--- START ---
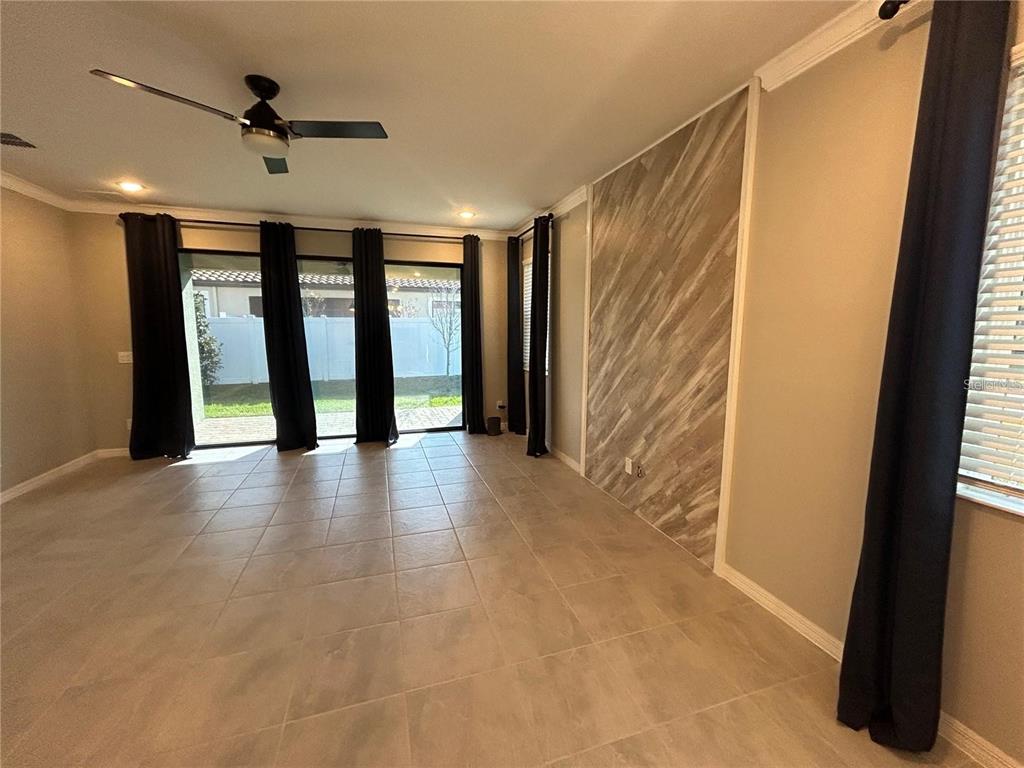 A living room features large tile flooring, a wood-look accent wall, and sliding glass doors — 4111 SOLAMOR STREET, LAKELAND, FL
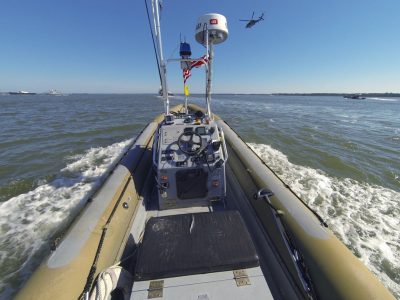 A Navy patrol boat converted to operate unmanned as part of an Office of Naval Research experiment in autonomous “swarms.” 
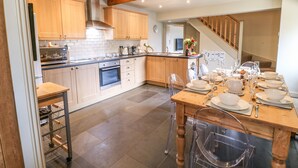 A modern kitchen with wooden cabinets, a built-in oven, and a dining area set for six. - Low Shipley Mill (Barnard Castle)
--- END ---
* **Exercise brief**:
Word-for-word output of the material above is needed, with the pictures left out.

* **Solution to this exercise**:
 A living room features large tile flooring, a wood-look accent wall, and sliding glass doors — 4111 SOLAMOR STREET, LAKELAND, FL
 A Navy patrol boat converted to operate unmanned as part of an Office of Naval Research experiment in autonomous “swarms.” 
 A modern kitchen with wooden cabinets, a built-in oven, and a dining area set for six. - Low Shipley Mill (Barnard Castle)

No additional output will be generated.